= List of countries by displaced population hosted =

This is a list of countries and territories by total displaced population hosted, including refugees, asylum seekers, and migrants under temporary protection programs. Figures may differ from official refugee-only statistics published by international organizations.

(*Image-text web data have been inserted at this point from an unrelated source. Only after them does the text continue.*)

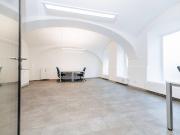 PROVISIONSFREI I TOP LAGE I PARKPLATZ I STARK... PROVISIONSFREI I TOP LAGE I PARKPLATZ I STARK...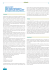 L`articolo - CARE Online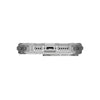 UAG Plyo Xte Magsafe Case Compatible For iPhone 16 Pro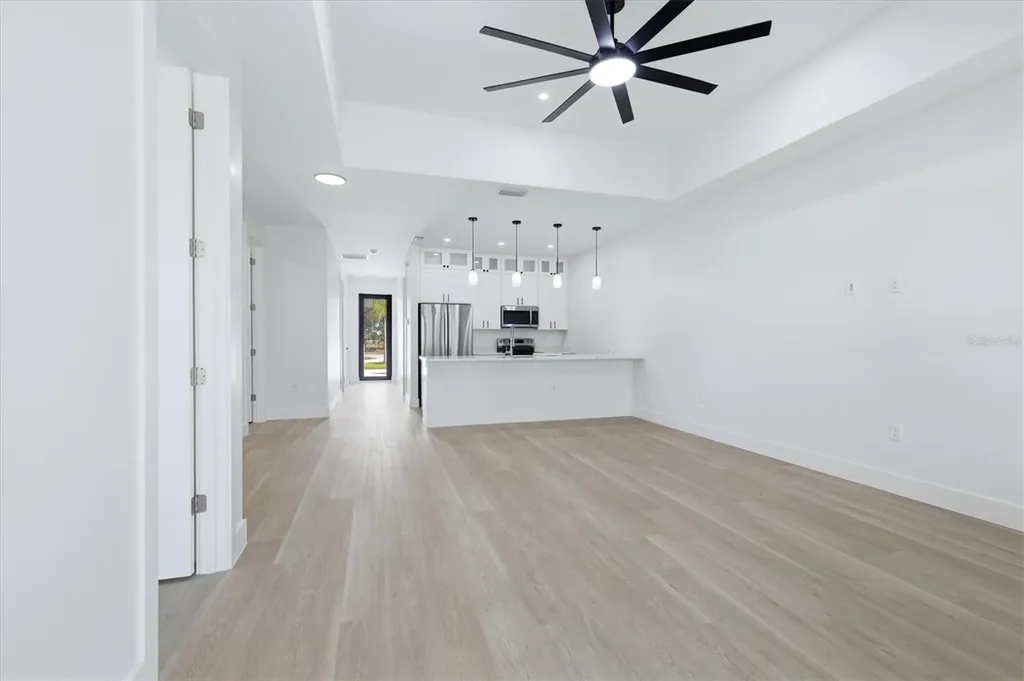 7361 S Plum Tree Punta Gorda FL 33955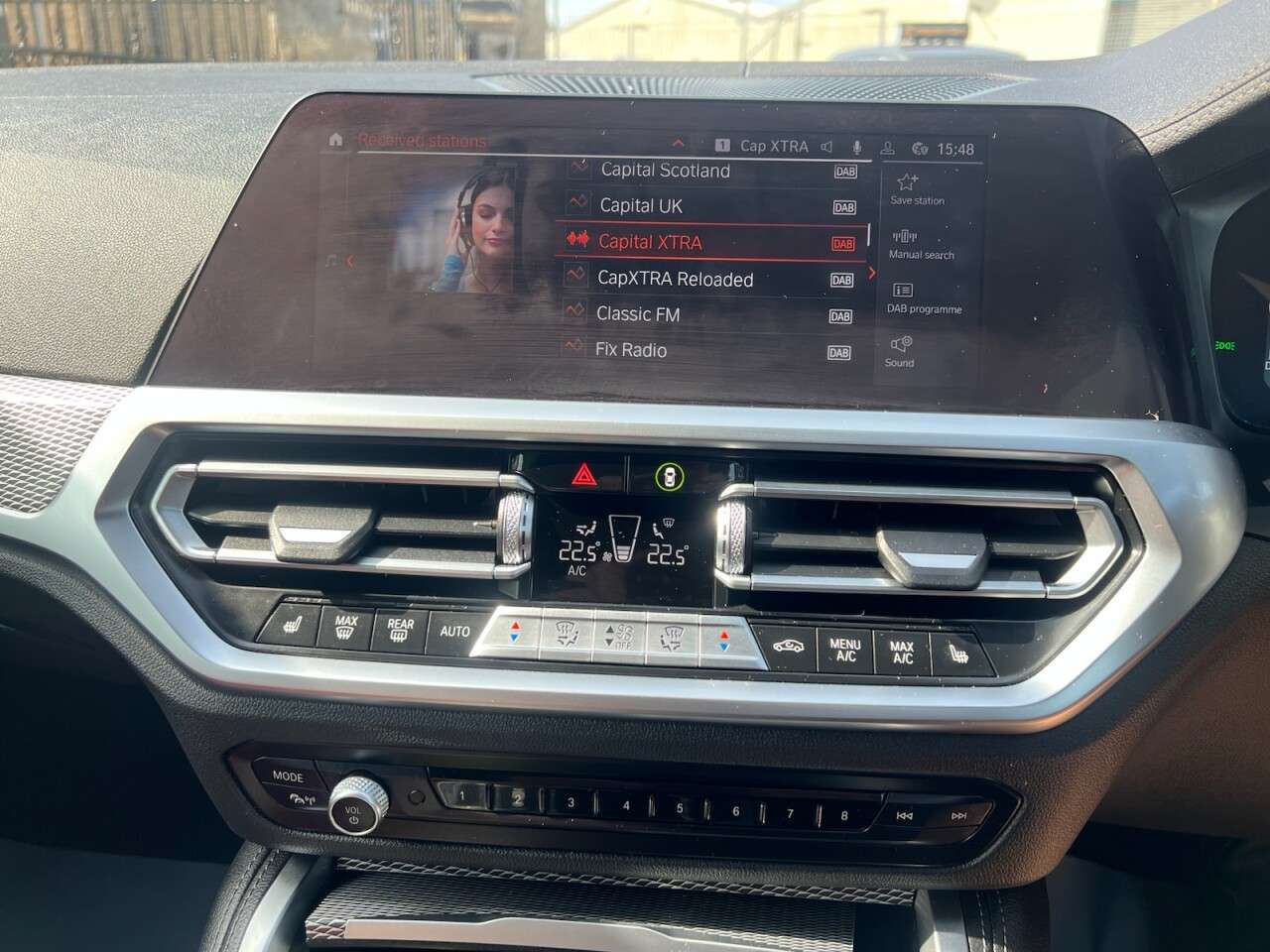 2021 BMW 4 SERIES 2021 BMW 4 SERIES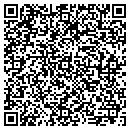 QR code with David W Gately contacts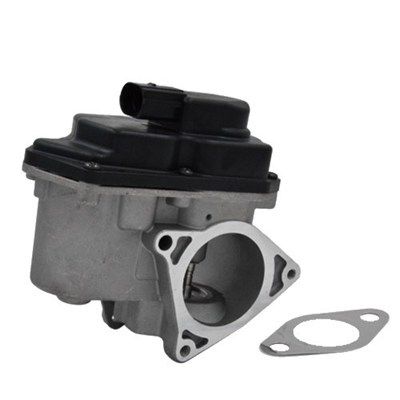Zawór AGR MAGNETI MARELLI 571822112042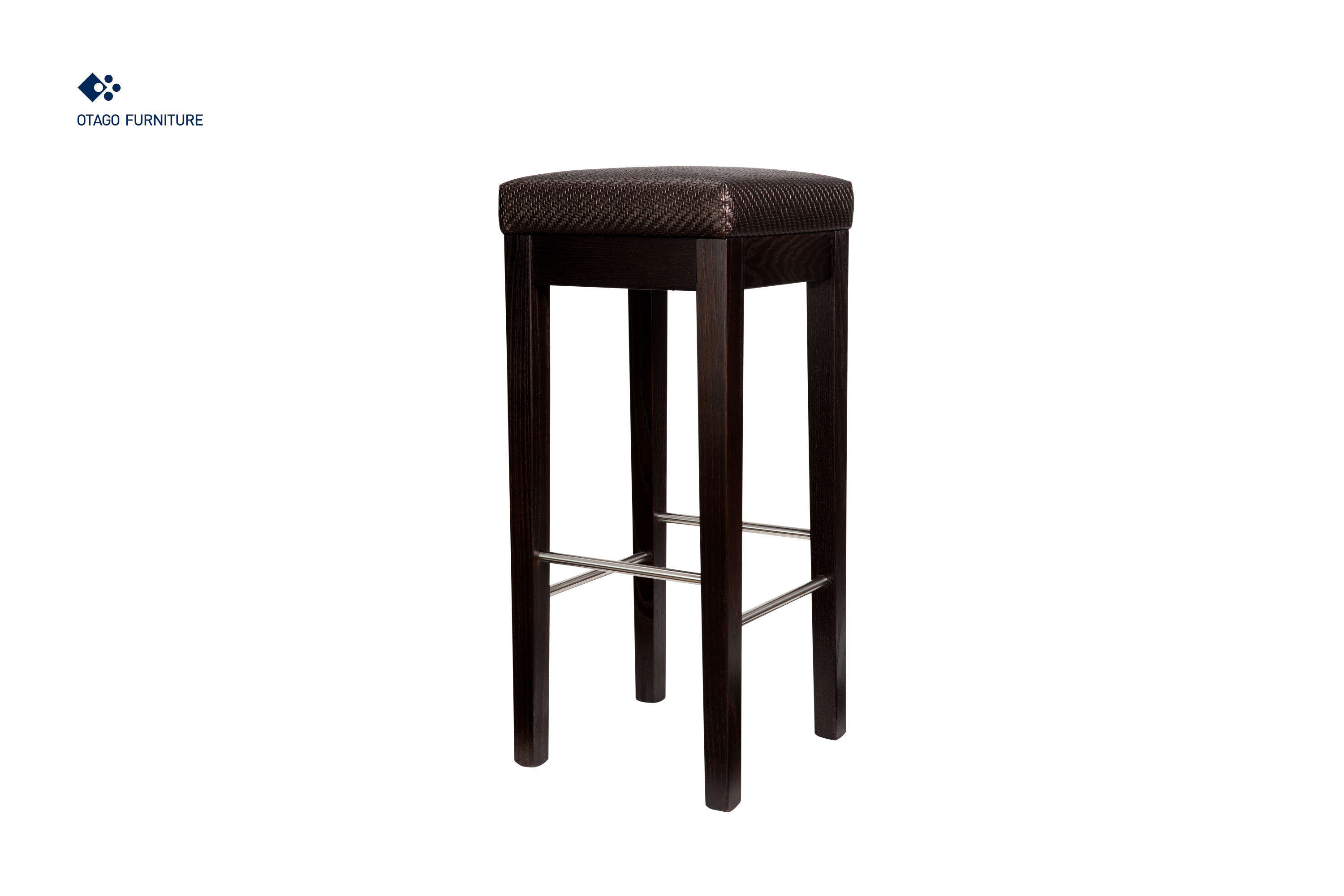 Otago Furniture 2 30 The 1 Canvas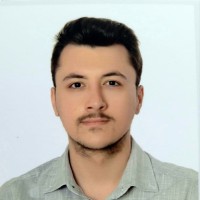Erkin Hendekci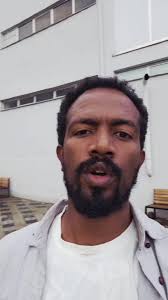 ዝም ስንለው ውስጥ ውስጡን የጨረሰን ኃጢያት ዝሙት#abel_abuna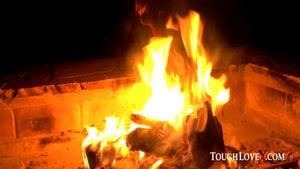 Ab 0:01:06 ansehen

This list compiles data from multiple international and national sources and should not be interpreted as an official ranking by a single organization.

== List ==

| Rank | Country | Total displaced population hosted | Main groups | Notes | Source |
|---|---|---|---|---|---|
| 1 | United States | 4,500,000–5,000,000 | Latin Americans, Ukrainians | Includes asylum seekers and Temporary Protected Status (TPS) holders |  |
| 2 | Turkey | 3,500,000–4,000,000 | Syrians | Largest Syrian refugee population globally |  |
| 3 | Germany | ~3,000,000 | Syrians, Ukrainians | Includes temporary protection beneficiaries |  |
| 4 | Iran | ~3,500,000 | Afghans | Includes registered and undocumented refugees |  |
| 5 | Colombia | 2,500,000–3,000,000 | Venezuelans | Majority under temporary protection status |  |
| 6 | Pakistan | 2,000,000–2,500,000 | Afghans | Includes registered and unregistered refugees |  |
| 7 | Peru | 1,700,000–1,850,000 | Venezuelans | Includes migrants under temporary protection |  |
| 8 | Uganda | 1,500,000–1,700,000 | South Sudanese, Congolese | One of Africa's largest refugee hosts |  |
| 9 | Russia | 1,200,000–1,500,000 | Ukrainians | Displacement following the war in Ukraine |  |
| 10 | Poland | 1,000,000–1,500,000 | Ukrainians | Temporary protection status |  |
| 11 | Brazil | 700,000–1,000,000 | Venezuelans | Concentrated in northern regions |  |
| 12 | Ecuador | 500,000–700,000 | Venezuelans | Regional migration flows |  |
| 13 | Chile | 500,000–700,000 | Venezuelans | Rapid increase since 2018 |  |

== Methodology ==
This list includes:

- Refugees as defined by international law
- Asylum seekers
- Individuals under temporary protection programs
- Crisis-driven migrants (e.g., Venezuelan displacement)

Figures are approximate and based on data reported by international organizations such as the United Nations High Commissioner for Refugees (UNHCR) and the Regional Inter-Agency Coordination Platform for Refugees and Migrants from Venezuela (R4V), as well as national migration authorities.

== See also ==

- List of countries by refugee population
- Refugee
- Asylum seeker
- Venezuelan refugee crisis

== Notes ==

- In Latin America, many displaced individuals are not formally classified as refugees but are granted temporary protection status.
- Countries such as Peru and Colombia host large numbers of Venezuelan migrants, making them among the largest displacement hosts globally despite lower official refugee counts.